Here’s what I sense: Those very CIOs that choose to buy all apps from one vendor (Oracle, SAP, etc.) do so for many reasons, but one of them is architectural convenience. They realized then that every application procured from said vendor is not going to be best in class. But when it comes to some applications, ‘living with good enough’ was a welcome tradeoff to integration headaches of a best of breed approach.

What Salesforce.com seems to be doing now is setting the foundation for a standardized cloud based operating systems and development environment, yet offering the convenience of picking from a plethora of application choices for each conceivable system-of-record category via force.com to fits each customers business needs. That might just be the ticket some CIOs need to get unsatisfied business users off their back: Standardize the platform element to prevent a hodge podge architecture but shift the risk functional selection out of IT and back to business owners who can now make the decision on which application to select.

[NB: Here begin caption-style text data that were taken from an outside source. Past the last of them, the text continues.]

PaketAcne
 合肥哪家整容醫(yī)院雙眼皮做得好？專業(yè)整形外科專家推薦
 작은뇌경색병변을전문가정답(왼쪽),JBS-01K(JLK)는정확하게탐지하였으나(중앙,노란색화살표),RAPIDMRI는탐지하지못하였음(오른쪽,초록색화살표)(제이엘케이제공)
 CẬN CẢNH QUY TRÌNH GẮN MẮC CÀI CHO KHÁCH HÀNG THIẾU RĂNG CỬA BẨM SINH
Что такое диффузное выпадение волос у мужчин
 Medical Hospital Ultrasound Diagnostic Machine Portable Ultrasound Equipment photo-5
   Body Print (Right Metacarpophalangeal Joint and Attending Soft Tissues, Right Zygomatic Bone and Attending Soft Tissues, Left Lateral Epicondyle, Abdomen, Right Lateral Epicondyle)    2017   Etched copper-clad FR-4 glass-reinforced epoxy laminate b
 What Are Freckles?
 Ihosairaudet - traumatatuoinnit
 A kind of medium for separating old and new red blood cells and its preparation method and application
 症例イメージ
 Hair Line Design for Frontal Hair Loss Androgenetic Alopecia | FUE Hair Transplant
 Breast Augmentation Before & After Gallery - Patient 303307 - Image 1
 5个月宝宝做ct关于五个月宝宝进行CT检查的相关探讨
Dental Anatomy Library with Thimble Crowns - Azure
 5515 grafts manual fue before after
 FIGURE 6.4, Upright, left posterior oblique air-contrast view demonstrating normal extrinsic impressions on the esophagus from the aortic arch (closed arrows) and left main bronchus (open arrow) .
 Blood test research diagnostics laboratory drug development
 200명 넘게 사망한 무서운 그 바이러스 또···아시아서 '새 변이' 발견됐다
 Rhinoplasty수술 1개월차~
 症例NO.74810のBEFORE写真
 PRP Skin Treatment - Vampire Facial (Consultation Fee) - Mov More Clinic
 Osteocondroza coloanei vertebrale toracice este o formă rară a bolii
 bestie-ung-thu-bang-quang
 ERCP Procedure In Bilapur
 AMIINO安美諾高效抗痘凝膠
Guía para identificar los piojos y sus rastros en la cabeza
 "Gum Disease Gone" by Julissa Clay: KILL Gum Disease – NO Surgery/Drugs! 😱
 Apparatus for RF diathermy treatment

This is exactly what Jive is trying to accomplish. During the Jive Social Business Developer Summit last night, Chief Strategy Advisor Christopher Lochhead claimed that Jive can offer the enterprise the best of both worlds: a monolithic architecture and best-of-breed solutions.

It makes a lot of sense for Jive to go this direction. Most of the basic functionality of social software suites is commoditized, and there are a lot of vendors to choose from. An app stores open up new avenues for innovation and Jive can take a piece of each sale. We expect to see more vendors moving in this direction.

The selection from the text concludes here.